** Task statement **
Please return each entry that follows exactly as written, and keep the pictures out.

** Data for processing **
+ + + + + + +

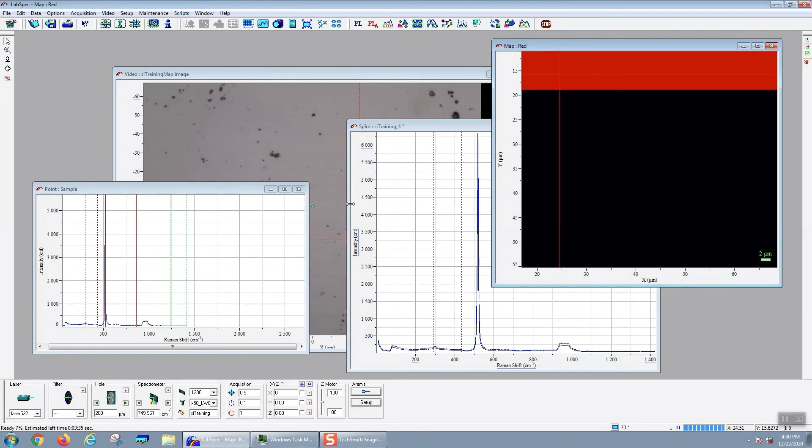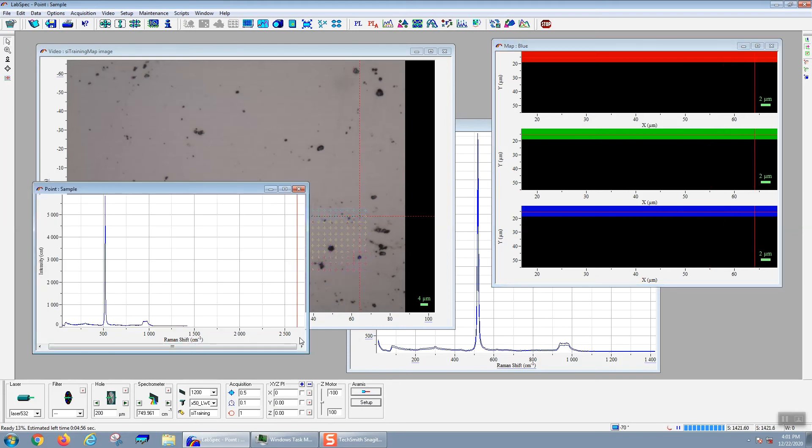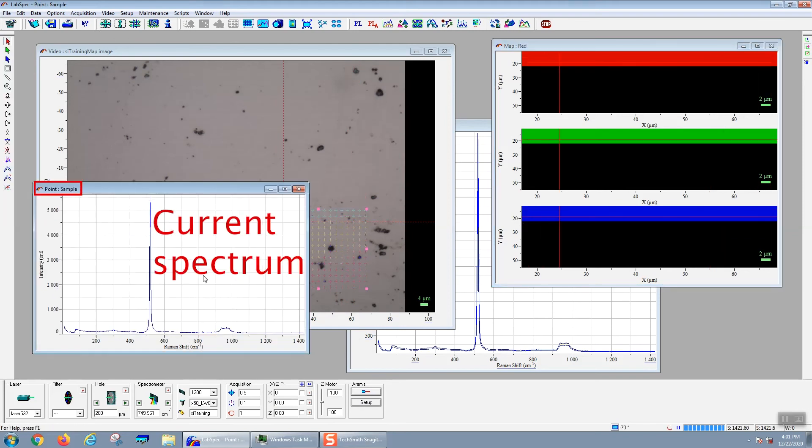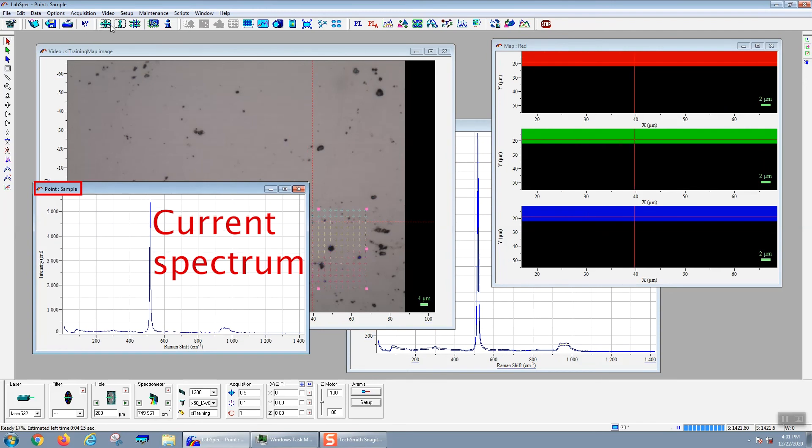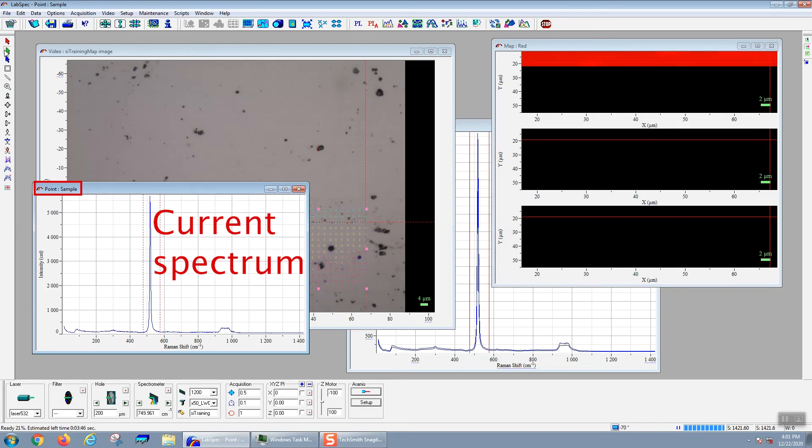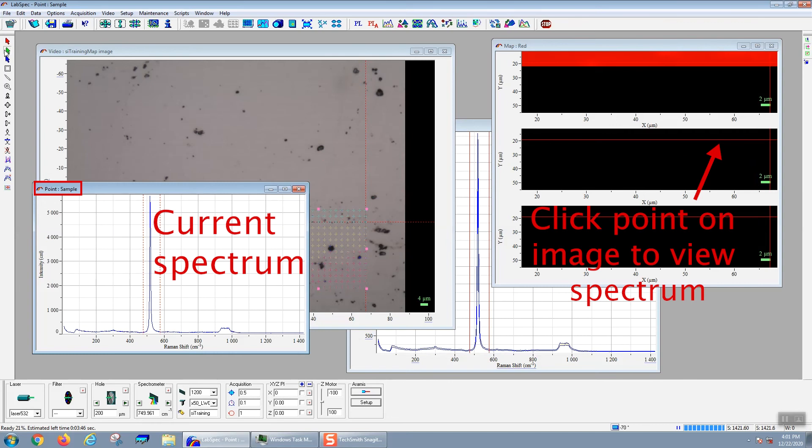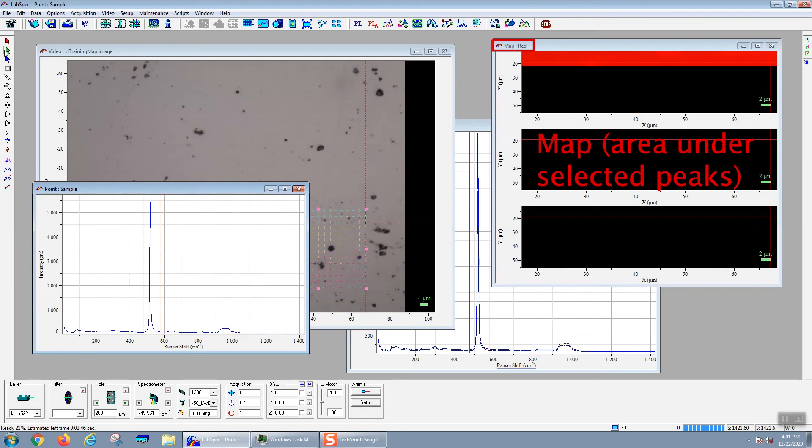The hardest part about mapping on the Haribo Raman microscope is not acquiring the data, but it's navigating the user interface. For mapping, I would recommend having three windows open. The first is the point window that shows you your spectrum. Most of the time when you're acquiring data, this spectrum will be the last spectrum that you acquired. But you can actually go to any given point on your map and view the spectrum using the crosshairs tool. You can set the crosshairs either on the video image, this is the grayscale camera image, or on this map window. The map window will give you colors for different pixels depending on what you set those colors to be.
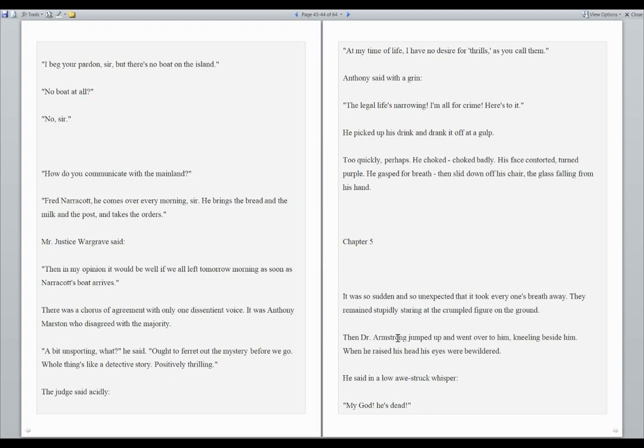Chapter 5. It was so sudden and so unexpected that it took everyone's breath away.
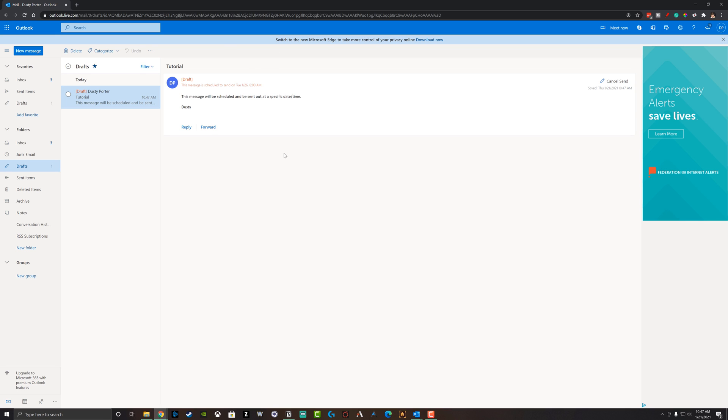That's how you schedule emails in the Microsoft Outlook app, as well as the browser-based version of Outlook. If you have any questions, please put those in the comment section below. Also, I have a full Outlook playlist. If you're looking for other how-to guides on how to use Microsoft Outlook more efficiently, if that's something you're interested in.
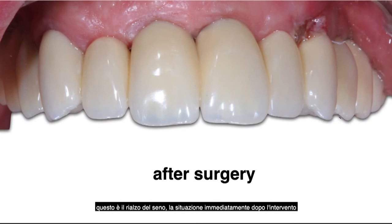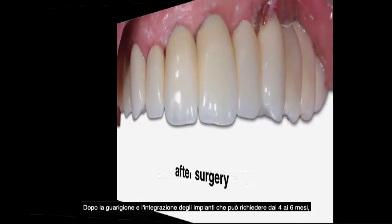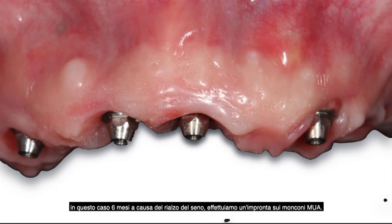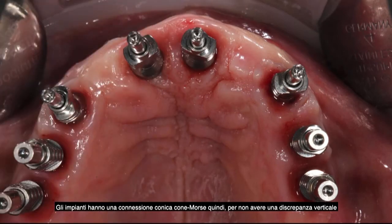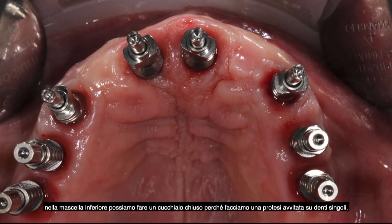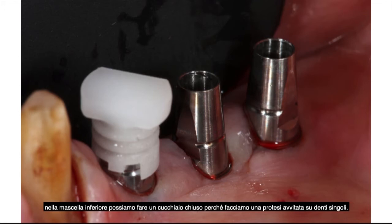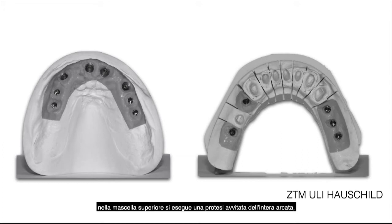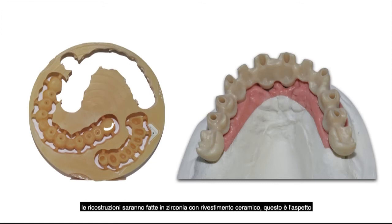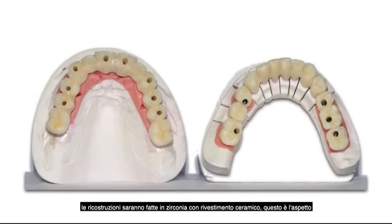The situation immediately after surgery looks quite good and minimally invasive. After implant healing and integration — in this case six months because of the sinus elevation — we take impressions over the multi-unit abutments. Due to the more conical connection, to avoid vertical discrepancy in the impression, all upper jaw impressions are done over multi-unit abutments with an open tray. Lower jaw uses a closed tray for single-teeth screw-retained restorations. The upper jaw restoration will be full-arch screw-retained; the lower jaw, single teeth screw-retained. Constructions are done in a zirconia frame with ceramic coating — the result is a very happy patient with a high jump in quality of life.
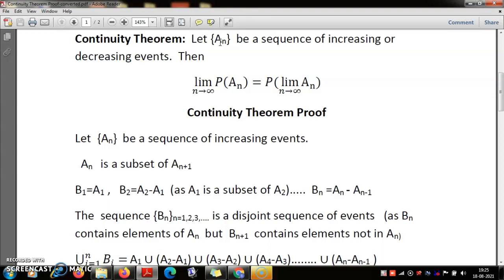This is one of the fundamental principles of probability theory and will be used to prove many other properties. I will state the proof assuming first that it is an increasing sequence — that is, every A_n is a subset of A_{n+1}. In that case, A_1 is the smallest set, because it is contained in A_2, A_2 is contained in A_3, and so on.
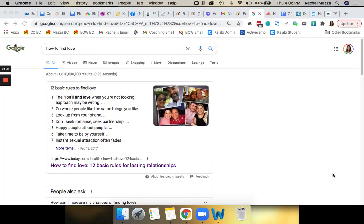Hey, this is Rachel Mazza, and this is one of the most common questions I get from students of my advertorial course: how do I find advertorials in my niche or ideas for advertorials in my niche?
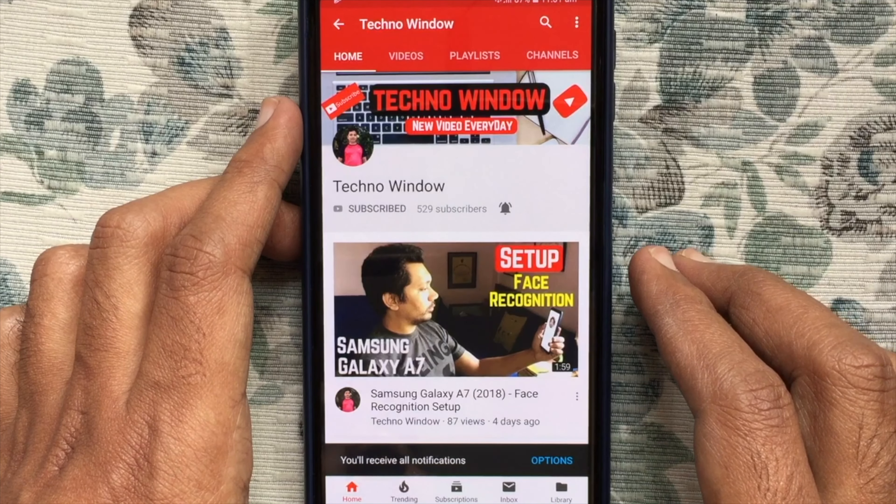Hope this video helped you. Please subscribe to my channel by tapping on the red subscribe button. Also tap on the bell button to receive notifications about all new videos. Thank you.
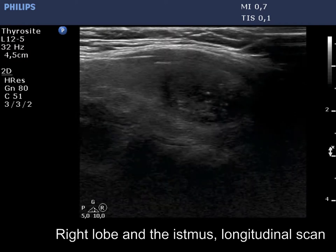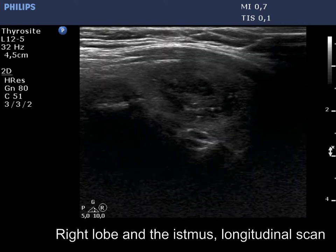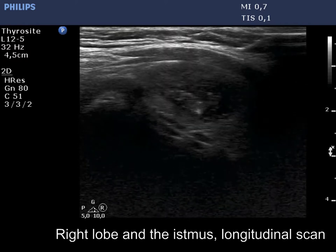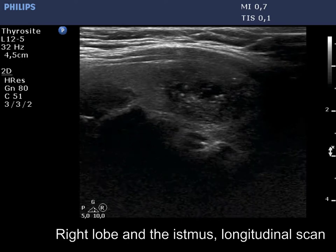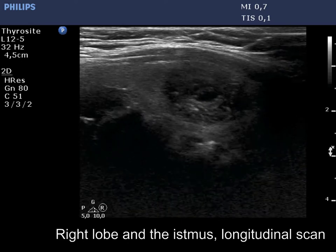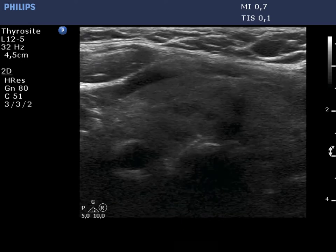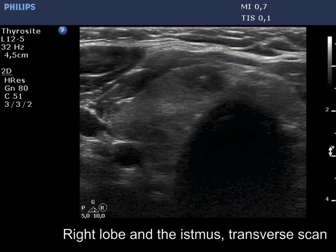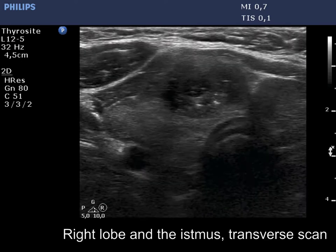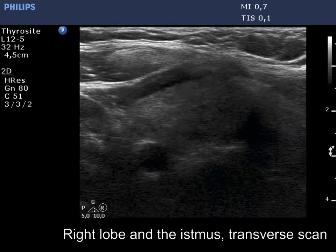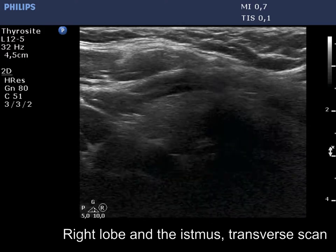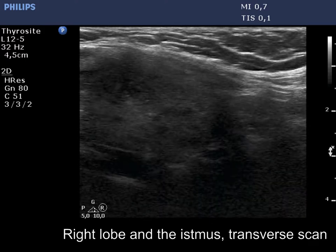The echogenic figures are partly related to cystic areas — these are back wall figures. On the other hand, some echogenic granules are very likely microcalcifications.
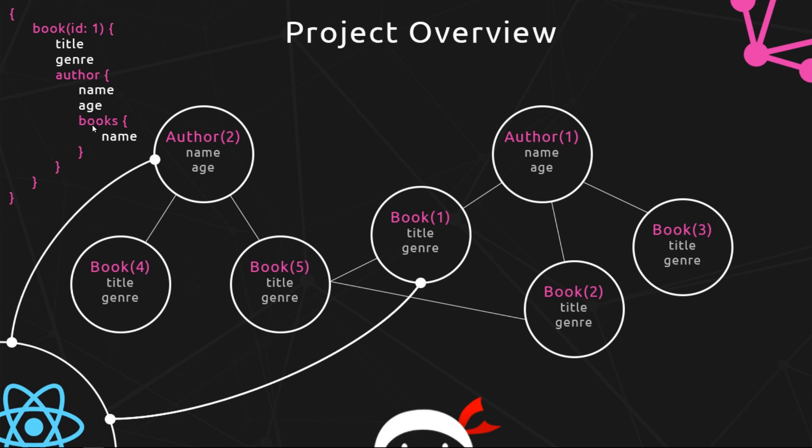Once we're here we're going to grab the name and age of that author. Then I want you to walk to the books that that author has written, so again we can walk to those books, they're related data, and we can grab information on those books, the name in this case, and send those back as well. So once we've landed, got the data, walked to the relational data and collated everything together, we're going to send that back to the front end.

+ + + + + + +

** Written solution **
The hardest part about mapping on the Haribo Raman microscope is not acquiring the data, but it's navigating the user interface. For mapping, I would recommend having three windows open. The first is the point window that shows you your spectrum. Most of the time when you're acquiring data, this spectrum will be the last spectrum that you acquired. But you can actually go to any given point on your map and view the spectrum using the crosshairs tool. You can set the crosshairs either on the video image, this is the grayscale camera image, or on this map window. The map window will give you colors for different pixels depending on what you set those colors to be.
Chapter 5. It was so sudden and so unexpected that it took everyone's breath away.
That's how you schedule emails in the Microsoft Outlook app, as well as the browser-based version of Outlook. If you have any questions, please put those in the comment section below. Also, I have a full Outlook playlist. If you're looking for other how-to guides on how to use Microsoft Outlook more efficiently, if that's something you're interested in.
The situation immediately after surgery looks quite good and minimally invasive. After implant healing and integration — in this case six months because of the sinus elevation — we take impressions over the multi-unit abutments. Due to the more conical connection, to avoid vertical discrepancy in the impression, all upper jaw impressions are done over multi-unit abutments with an open tray. Lower jaw uses a closed tray for single-teeth screw-retained restorations. The upper jaw restoration will be full-arch screw-retained; the lower jaw, single teeth screw-retained. Constructions are done in a zirconia frame with ceramic coating — the result is a very happy patient with a high jump in quality of life.
This is one of the fundamental principles of probability theory and will be used to prove many other properties. I will state the proof assuming first that it is an increasing sequence — that is, every A_n is a subset of A_{n+1}. In that case, A_1 is the smallest set, because it is contained in A_2, A_2 is contained in A_3, and so on.
Hey, this is Rachel Mazza, and this is one of the most common questions I get from students of my advertorial course: how do I find advertorials in my niche or ideas for advertorials in my niche?
Hope this video helped you. Please subscribe to my channel by tapping on the red subscribe button. Also tap on the bell button to receive notifications about all new videos. Thank you.
The echogenic figures are partly related to cystic areas — these are back wall figures. On the other hand, some echogenic granules are very likely microcalcifications.
Once we're here we're going to grab the name and age of that author. Then I want you to walk to the books that that author has written, so again we can walk to those books, they're related data, and we can grab information on those books, the name in this case, and send those back as well. So once we've landed, got the data, walked to the relational data and collated everything together, we're going to send that back to the front end.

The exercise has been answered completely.